Joseph Fouché galt und gilt auch heute noch als Mann des Hintergrunds, der allerdings wichtigen Einfluss auf die Geschehnisse verschiedener Phasen der Französischen Revolution ausübte. Zykan beschreibt ihn so: “Fouché, 1759 als Sohn von Kaufleuten geboren, war gelernter Verräter, armseliger Intrigant, glatte Reptiliennatur, gewerbsmäßiger Überläufer, niedrige Polizeiseele.”

Das Hörspiel beginnt im Konvent der Französischen Revolution, Robespierre hat gerade eine Rede gehalten. Fouché, der zum gemäßigten Flügel der Revolutionäre gehört, wird gleich für den Tod des Königs stimmen. Rhythmisierte Sprechchöre, wie an dieser Stelle beispielsweise auf die Phrase “soll der König sterben?”, durchziehen das ganze Stück. Zykans genialer Text ist eine Satire; die pointierte Darstellung der unglaublichen Geschichte eines genialen Wendehalses, der es schafft, jede Krise in einen Erfolg zu verwandeln: “Fouché ging in die Knie, freilich weniger um sich zu unterwerfen, als um das Denkmal (Robespierre) besser aus den Angeln heben zu können.”

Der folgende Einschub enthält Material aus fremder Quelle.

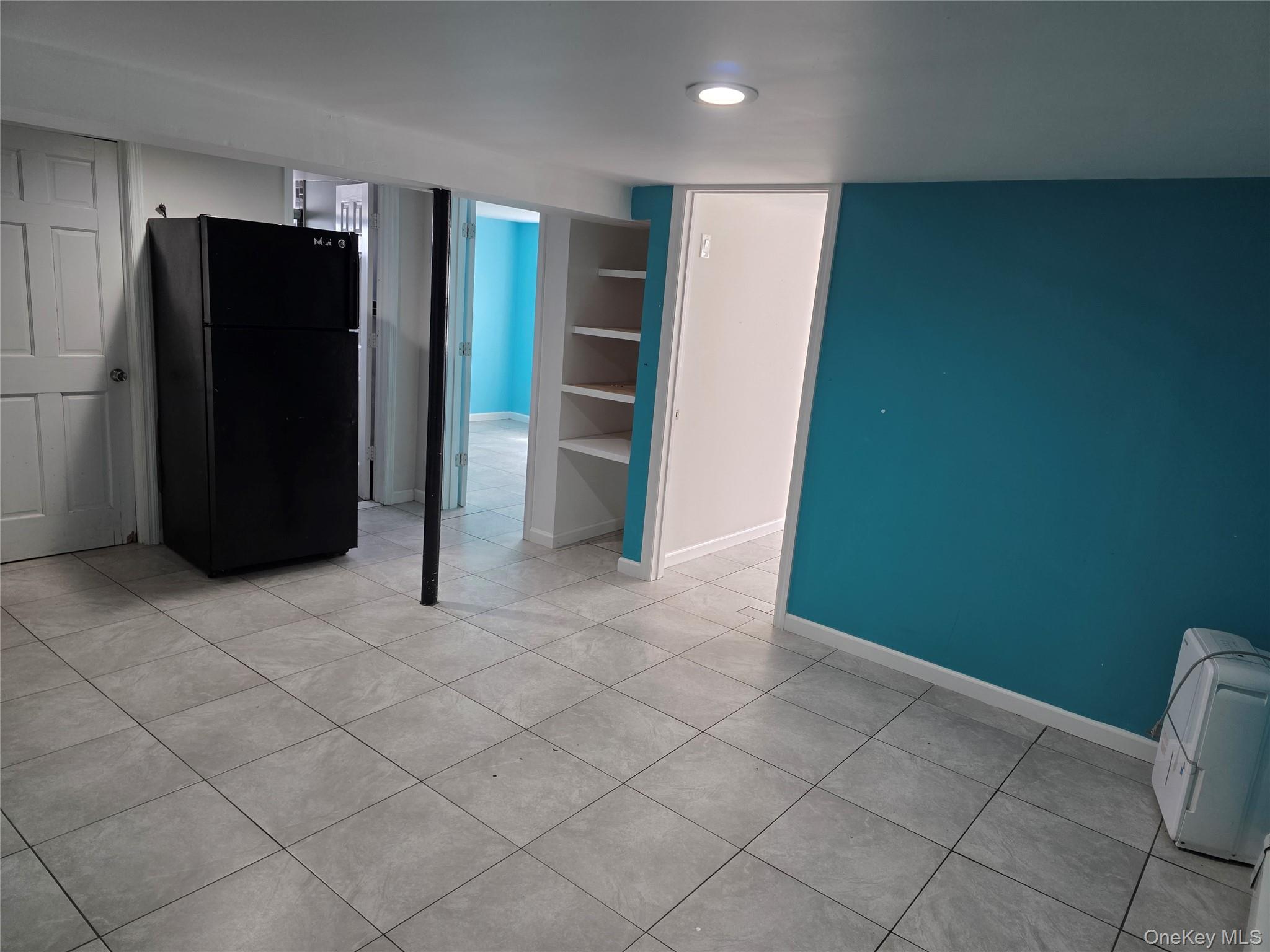 44 Patchogue Avenue, Mastic, NY 11950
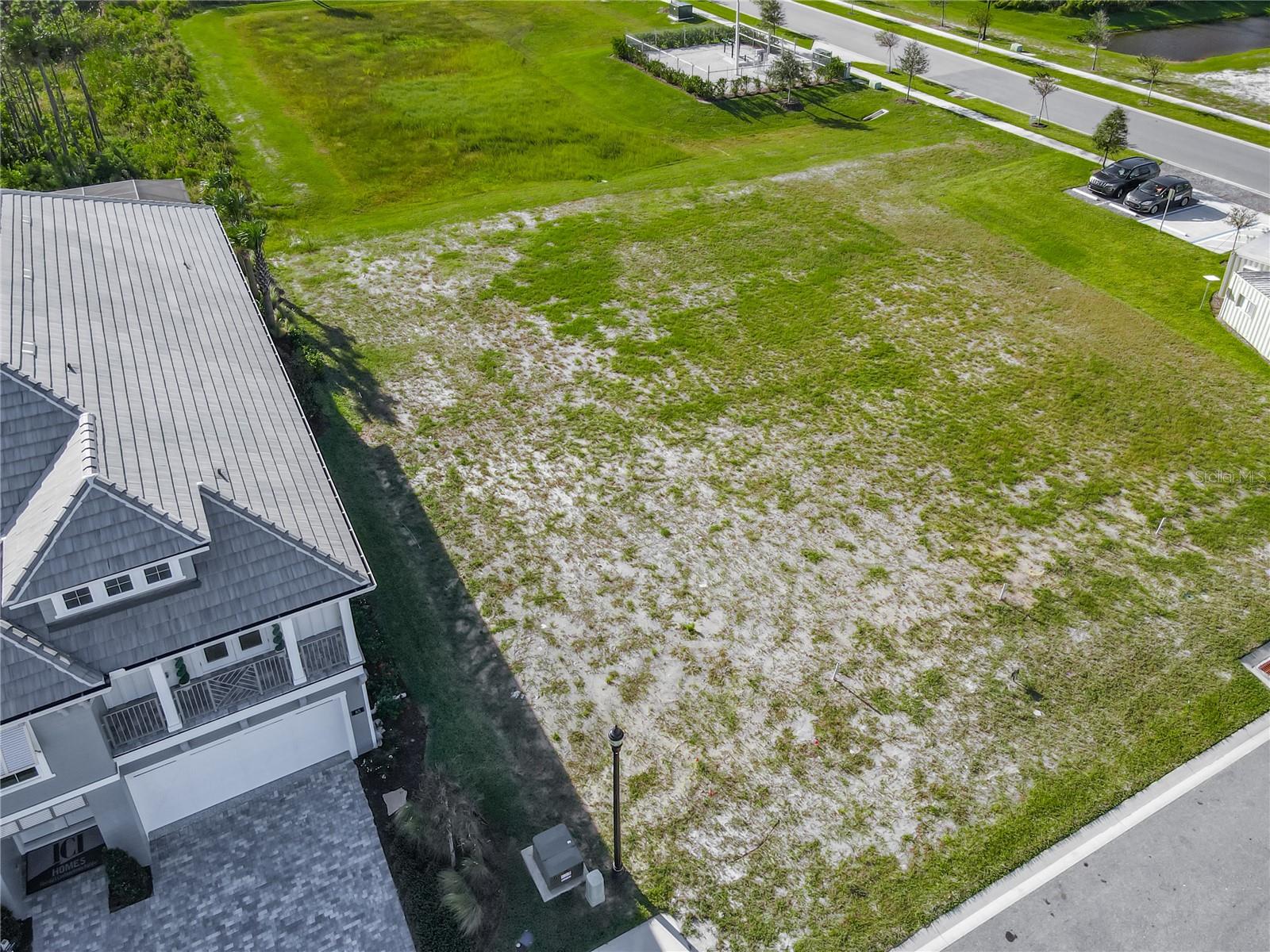 81 Coronado Rd Property Photo 8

Zykans Analysen der Revolution und der Revolutionäre sind mitleidlos und witzig: “Aber ist er nicht ehrenwert und einer von uns? fragt einer aus Robespierres Kreis, nachdem dieser Fouchés Vernichtung plant. “Er ist ehrenwert oder einer von uns!” lautet die Antwort und der Kommentar: “Als forderte die Zeit ehrenwertes Verhalten und nicht zielgerichtetes!”

“In dieser Zeit ist kurz man an der Macht und lange tot, es gibt keine andres Angebot”, lautet dann auch die Conclusio, nachdem es Fouché als Drahtzieher gelingt, Robespierre per Intrige zu stürzen und hinrichten zu lassen.

In den “musikalisierten” Sprachteilen findet sich beispielsweise auch Zykans ironische Verarbeitung des Schönberg-Zitats von der Vorherrschaft der deutschen Musik, während einer Szene in der ein Spottlied auf Napoleons Frau Joséphine komponiert werden soll, um die Scheidung zu erzwingen.
Irene Suchy sieht Zykans Auseinandersetzung mit Fouché auch als Beschäftigung mit der eigenen Geschichte, als Erzählung vom ewigen Spieler: “Der Spieler Fouché, der die Welt als Spielfeld begreift, der nicht an eine Schöpfung glaubt und an einen Schöpfer und der den Zufall zum Spielmacher erhebt.”
Zykans Interpretation der Geschichte des “genialen Opportunisten” Fouché ist eine Utopie vom Menschen und eine Satire gegen die menschliche Begeisterung. Als Oper unfertig geblieben, als Hörspiel eine Annäherung an einen Zyniker, witzig, scharf beobachtet und spannend interpretiert.

CD 2 Stimme

Die zweite CD enthält Lieder, meist mit Zykan selbst am Klavier, manchmal auch mit den MOB art & tone ART-Freunden an Vibraphon, Horn und Kontrabass. Zykan singt, meist auf eigene Texte, aber auch auf jene Friedrich Achleitners und auf Dichtungen aus dem Kreis der Gugginger Künstler. Oft singt er allein, manchmal im Trio mit Ernst-Dieter Suttheimer und Hans Holzmann. Manche der Aufnahmen sind historische Momente: so das Konzert “Künstler für den Frieden” 1982 in der Wiener Stadthalle, bei dem zwischen Belafonte und Konstantin Wecker der Kinderreim uraufgeführt wurde, oder die witzige Eroika, jene von Zykan furios vertextete und (bei seinem Ö1-Geburtstagsfest zum 70er) interpretierte Beethoven-Symphonie. Aufnahmen wie die “Irren-Chansons” Zotteltier oder Erbtanten haben bereits Kultcharakter, wie auch die im Hörspiel Fouché bereits erwähnte Verarbeitung des Schönberg-Zitats, die Polemische Arie, welche auf dieser CD in den Klägereien wieder vorkommt.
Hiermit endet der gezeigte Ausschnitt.